• _Source material_
────────────────
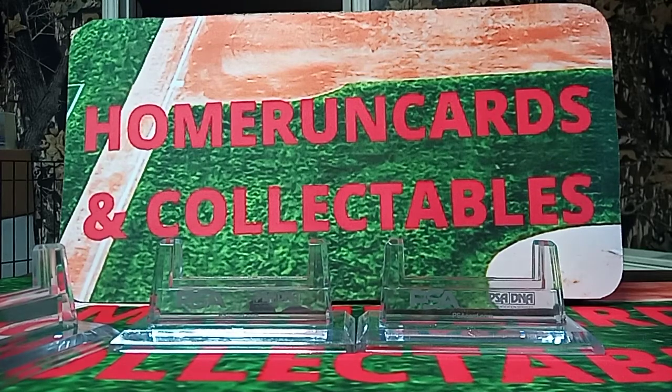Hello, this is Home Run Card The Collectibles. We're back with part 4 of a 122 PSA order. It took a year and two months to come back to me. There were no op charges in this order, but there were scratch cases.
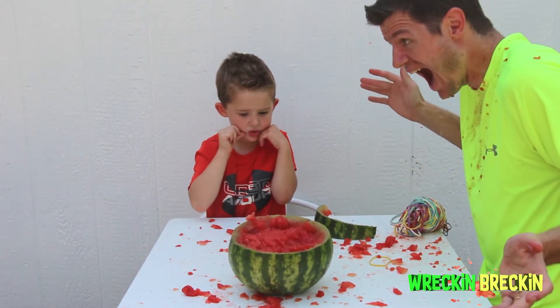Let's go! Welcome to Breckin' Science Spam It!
────────────────
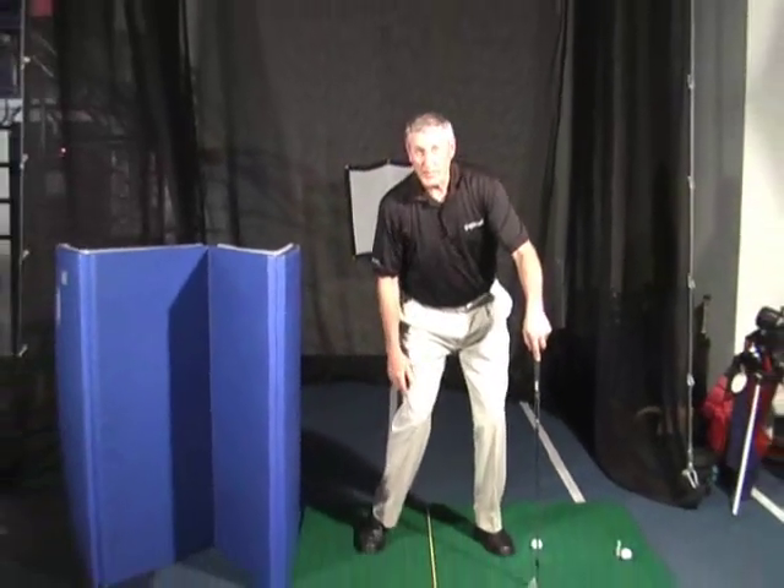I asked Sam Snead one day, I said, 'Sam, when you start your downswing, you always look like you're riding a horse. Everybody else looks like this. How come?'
────────────────
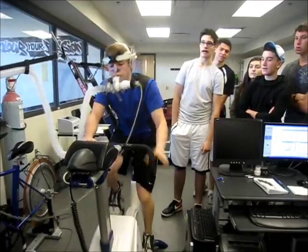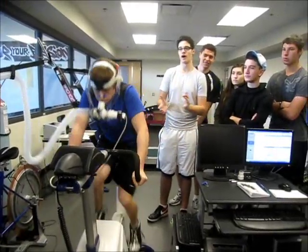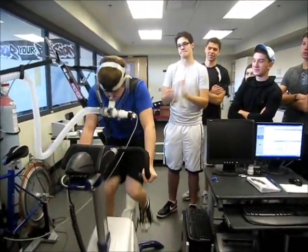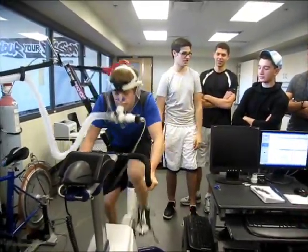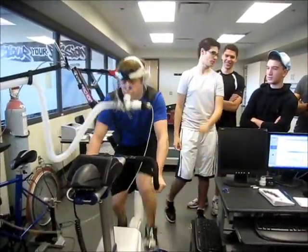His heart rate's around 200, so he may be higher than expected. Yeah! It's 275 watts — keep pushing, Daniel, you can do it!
────────────────
• _Your task_
Look above for the line holding "Hello, this is" and output everything from it down to the line holding "Let's go! Welcome", both ends included, exactly and without images.

• _Solution_
Hello, this is Home Run Card The Collectibles. We're back with part 4 of a 122 PSA order. It took a year and two months to come back to me. There were no op charges in this order, but there were scratch cases.
Let's go! Welcome to Breckin' Science Spam It!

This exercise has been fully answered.